Start of MATERIAL SUPPLIED

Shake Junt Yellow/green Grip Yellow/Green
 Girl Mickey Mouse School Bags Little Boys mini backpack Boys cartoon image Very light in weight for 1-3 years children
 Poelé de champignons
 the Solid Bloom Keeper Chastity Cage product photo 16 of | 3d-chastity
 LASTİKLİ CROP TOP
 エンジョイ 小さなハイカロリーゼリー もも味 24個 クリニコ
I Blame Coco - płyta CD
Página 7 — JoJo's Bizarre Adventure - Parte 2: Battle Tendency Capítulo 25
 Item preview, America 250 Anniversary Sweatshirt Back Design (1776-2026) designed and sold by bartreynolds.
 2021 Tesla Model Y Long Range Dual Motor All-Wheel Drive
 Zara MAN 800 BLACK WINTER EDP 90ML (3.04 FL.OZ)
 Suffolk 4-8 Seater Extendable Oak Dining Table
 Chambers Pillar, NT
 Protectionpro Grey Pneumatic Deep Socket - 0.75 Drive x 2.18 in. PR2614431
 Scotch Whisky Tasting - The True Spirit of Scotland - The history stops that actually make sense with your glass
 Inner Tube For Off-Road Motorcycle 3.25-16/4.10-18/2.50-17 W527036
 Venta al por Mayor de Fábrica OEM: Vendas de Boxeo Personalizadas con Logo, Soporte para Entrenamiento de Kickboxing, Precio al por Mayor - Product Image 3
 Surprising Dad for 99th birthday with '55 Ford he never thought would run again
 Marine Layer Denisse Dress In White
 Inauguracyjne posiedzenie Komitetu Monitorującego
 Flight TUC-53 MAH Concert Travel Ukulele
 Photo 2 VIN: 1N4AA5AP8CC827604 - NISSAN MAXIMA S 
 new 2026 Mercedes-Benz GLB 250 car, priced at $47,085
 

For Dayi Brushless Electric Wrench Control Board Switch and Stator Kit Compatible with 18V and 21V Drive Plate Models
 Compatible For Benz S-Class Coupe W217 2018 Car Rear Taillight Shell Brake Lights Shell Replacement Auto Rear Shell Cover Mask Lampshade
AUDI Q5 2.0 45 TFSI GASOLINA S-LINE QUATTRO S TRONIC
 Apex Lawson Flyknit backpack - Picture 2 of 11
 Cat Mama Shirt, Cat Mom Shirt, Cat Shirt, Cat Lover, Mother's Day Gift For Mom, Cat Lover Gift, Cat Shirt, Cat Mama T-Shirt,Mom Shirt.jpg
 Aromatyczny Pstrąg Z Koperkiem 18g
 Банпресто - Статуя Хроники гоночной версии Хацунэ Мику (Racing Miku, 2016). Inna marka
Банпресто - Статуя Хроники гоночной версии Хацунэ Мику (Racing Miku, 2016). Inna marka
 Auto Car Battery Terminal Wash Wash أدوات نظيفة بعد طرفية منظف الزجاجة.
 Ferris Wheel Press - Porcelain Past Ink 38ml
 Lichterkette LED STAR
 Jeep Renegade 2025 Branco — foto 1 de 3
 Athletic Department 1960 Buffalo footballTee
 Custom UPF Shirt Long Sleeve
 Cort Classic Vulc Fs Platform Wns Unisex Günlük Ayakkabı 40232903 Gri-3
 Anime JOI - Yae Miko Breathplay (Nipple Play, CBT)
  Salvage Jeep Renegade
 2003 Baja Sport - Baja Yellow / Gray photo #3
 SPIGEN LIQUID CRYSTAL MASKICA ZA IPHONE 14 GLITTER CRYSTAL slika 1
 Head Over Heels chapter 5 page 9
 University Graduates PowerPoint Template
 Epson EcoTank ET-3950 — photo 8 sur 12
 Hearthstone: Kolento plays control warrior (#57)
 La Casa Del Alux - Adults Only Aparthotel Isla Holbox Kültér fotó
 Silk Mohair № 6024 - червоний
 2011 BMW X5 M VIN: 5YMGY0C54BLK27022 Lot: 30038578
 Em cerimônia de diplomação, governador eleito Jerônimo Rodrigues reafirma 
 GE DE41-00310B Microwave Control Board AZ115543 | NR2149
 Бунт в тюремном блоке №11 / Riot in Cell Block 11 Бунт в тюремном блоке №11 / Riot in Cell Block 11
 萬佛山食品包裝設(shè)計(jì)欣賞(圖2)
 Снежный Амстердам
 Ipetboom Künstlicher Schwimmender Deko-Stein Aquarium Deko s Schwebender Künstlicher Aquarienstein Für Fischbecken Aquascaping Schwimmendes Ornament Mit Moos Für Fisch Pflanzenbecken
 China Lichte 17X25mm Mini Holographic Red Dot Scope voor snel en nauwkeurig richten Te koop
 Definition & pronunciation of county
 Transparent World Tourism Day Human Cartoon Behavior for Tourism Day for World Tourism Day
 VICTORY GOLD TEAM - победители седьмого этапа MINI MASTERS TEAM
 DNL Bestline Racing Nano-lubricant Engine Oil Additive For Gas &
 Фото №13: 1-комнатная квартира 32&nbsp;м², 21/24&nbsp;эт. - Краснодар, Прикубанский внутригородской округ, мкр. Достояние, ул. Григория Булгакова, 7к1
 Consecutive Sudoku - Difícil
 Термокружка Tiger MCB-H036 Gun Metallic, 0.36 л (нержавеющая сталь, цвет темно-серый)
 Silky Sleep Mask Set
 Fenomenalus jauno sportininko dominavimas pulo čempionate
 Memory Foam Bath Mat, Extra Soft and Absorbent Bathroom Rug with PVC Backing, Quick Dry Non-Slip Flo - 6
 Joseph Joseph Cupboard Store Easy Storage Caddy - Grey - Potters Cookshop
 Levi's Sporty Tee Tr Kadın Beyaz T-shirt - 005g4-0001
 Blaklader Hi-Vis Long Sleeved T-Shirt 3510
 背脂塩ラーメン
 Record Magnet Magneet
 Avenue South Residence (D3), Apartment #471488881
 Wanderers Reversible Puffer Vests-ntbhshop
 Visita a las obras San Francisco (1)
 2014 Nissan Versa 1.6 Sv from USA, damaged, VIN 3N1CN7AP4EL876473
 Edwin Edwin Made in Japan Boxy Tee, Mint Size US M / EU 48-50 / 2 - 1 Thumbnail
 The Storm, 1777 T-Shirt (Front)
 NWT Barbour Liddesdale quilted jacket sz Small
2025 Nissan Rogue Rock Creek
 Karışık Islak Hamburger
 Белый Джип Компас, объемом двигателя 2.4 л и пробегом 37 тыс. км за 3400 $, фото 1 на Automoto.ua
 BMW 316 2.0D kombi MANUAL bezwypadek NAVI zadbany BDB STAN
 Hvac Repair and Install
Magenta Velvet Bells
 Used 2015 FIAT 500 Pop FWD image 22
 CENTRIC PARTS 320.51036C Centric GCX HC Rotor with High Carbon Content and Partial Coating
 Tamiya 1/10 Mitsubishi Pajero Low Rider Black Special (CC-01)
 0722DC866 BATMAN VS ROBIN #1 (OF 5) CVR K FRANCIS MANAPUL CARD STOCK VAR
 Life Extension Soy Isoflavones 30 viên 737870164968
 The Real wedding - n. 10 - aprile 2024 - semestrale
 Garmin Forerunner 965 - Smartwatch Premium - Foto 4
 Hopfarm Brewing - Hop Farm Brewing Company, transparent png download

End of MATERIAL SUPPLIED

**ASSIGNMENT:** In the material above, locate the line containing "Salvage Jeep Renegade" and the line containing "Снежный Амстердам". Transcribe exactly those two lines and every line between them, and nothing more.

**ANSWER:**
  Salvage Jeep Renegade
 2003 Baja Sport - Baja Yellow / Gray photo #3
 SPIGEN LIQUID CRYSTAL MASKICA ZA IPHONE 14 GLITTER CRYSTAL slika 1
 Head Over Heels chapter 5 page 9
 University Graduates PowerPoint Template
 Epson EcoTank ET-3950 — photo 8 sur 12
 Hearthstone: Kolento plays control warrior (#57)
 La Casa Del Alux - Adults Only Aparthotel Isla Holbox Kültér fotó
 Silk Mohair № 6024 - червоний
 2011 BMW X5 M VIN: 5YMGY0C54BLK27022 Lot: 30038578
 Em cerimônia de diplomação, governador eleito Jerônimo Rodrigues reafirma 
 GE DE41-00310B Microwave Control Board AZ115543 | NR2149
 Бунт в тюремном блоке №11 / Riot in Cell Block 11 Бунт в тюремном блоке №11 / Riot in Cell Block 11
 萬佛山食品包裝設(shè)計(jì)欣賞(圖2)
 Снежный Амстердам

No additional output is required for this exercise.